As you may know, I recently bought a 1999 Mercedes-Benz G500 Cabriolet, which is an automobile that came from the factory with halogen headlights. This shouldn’t surprise you, of course — many vehicles from this era came from the factory with halogen headlights, and they were pretty normal at the time. The big question I have, though, is … how?!
It’s actually quite unbelievable, in my opinion, when you use halogen headlights today. Pretty much all of us have now been in a car with LED headlights, or at least high-intensity xenon headlights, and they’re an unbelievably massive step up above halogens. With that in mind, it’s incredibly hard to go back.
Indeed, when I first drove my G500 at night, I was absolutely shocked — and mortified — to discover the quality of the halogen lights. They’re unbelievably awful, and you can’t see a thing, and I truly can’t believe that we, as a society, once considered this the norm.
Instantly, I replaced the halogen headlights on my G500, and I got new LEDs that do a far better job illuminating the road and everything else. I made the same upgrade in my 1997 Land Rover Defender when I bought it about three years ago, and I’m absolutely thrilled that I did. You can actually see things at night.
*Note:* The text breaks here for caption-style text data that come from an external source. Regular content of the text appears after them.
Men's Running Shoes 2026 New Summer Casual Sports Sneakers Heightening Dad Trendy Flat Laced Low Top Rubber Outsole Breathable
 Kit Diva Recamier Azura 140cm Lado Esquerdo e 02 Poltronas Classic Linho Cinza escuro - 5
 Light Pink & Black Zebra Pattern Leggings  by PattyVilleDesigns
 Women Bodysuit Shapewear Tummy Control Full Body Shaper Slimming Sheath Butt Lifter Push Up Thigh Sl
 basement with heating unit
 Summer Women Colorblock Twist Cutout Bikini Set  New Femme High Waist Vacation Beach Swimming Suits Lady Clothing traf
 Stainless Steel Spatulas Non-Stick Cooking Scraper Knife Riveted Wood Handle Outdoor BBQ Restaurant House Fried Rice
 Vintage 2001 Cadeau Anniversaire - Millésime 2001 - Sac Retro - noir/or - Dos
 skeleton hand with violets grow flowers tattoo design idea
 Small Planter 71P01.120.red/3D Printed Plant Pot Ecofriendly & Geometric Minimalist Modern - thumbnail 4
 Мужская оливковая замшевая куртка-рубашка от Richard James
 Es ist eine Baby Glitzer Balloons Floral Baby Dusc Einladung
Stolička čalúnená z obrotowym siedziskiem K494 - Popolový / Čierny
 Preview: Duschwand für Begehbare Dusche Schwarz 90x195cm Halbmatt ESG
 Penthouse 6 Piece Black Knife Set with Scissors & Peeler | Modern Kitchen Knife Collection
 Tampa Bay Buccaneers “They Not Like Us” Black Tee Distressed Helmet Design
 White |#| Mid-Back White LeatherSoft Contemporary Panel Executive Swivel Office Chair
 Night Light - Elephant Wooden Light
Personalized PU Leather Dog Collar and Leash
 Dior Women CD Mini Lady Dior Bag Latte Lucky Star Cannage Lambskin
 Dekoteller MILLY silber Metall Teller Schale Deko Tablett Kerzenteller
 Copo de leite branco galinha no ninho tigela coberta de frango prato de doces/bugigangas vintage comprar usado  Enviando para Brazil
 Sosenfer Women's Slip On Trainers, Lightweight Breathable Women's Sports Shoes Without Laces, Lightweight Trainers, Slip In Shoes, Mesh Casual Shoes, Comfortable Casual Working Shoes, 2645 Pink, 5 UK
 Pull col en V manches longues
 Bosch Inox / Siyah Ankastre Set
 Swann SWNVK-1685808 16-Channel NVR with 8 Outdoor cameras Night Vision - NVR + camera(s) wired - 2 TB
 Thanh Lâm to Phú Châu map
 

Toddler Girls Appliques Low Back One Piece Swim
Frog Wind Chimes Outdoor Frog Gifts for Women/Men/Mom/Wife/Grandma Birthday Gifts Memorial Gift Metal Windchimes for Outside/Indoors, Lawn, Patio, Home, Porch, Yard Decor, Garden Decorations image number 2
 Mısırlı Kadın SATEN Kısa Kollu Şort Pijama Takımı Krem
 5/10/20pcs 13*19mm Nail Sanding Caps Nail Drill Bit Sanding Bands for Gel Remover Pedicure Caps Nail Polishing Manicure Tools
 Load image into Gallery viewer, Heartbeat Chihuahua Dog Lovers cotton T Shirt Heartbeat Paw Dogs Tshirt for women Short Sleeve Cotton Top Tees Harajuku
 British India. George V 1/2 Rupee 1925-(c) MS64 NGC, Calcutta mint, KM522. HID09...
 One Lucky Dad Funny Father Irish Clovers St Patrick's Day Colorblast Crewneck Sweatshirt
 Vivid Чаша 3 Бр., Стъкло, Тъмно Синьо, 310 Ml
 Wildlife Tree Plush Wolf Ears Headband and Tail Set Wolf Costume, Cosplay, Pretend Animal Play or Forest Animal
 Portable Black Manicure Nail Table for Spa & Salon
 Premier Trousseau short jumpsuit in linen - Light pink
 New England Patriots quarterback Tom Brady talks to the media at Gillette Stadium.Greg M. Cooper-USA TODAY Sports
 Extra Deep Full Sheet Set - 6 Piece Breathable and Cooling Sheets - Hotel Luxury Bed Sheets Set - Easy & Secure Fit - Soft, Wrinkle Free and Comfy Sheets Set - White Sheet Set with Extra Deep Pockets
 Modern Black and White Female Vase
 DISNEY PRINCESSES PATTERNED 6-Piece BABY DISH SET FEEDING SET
The problem, however, is that it isn’t always so easy. The G500 and Defender both have 7-in round headlights, which was a headlight standard used on many cars — from the original Austin Mini to the AM General Hummer — for decades. Replacing the halogen headlights with LEDs in normal cars is more of a challenge since some custom work is involved, and it doesn’t always work out so well — meaning most older cars just simply don’t project enough light at night.
Of course, when they were new, we thought it was enough light — but I’m truly shocked at how dark it looks now, in 2019, when better headlights have become the norm. And truly, I can’t believe we ever lived — and drove at night — in the era of halogens.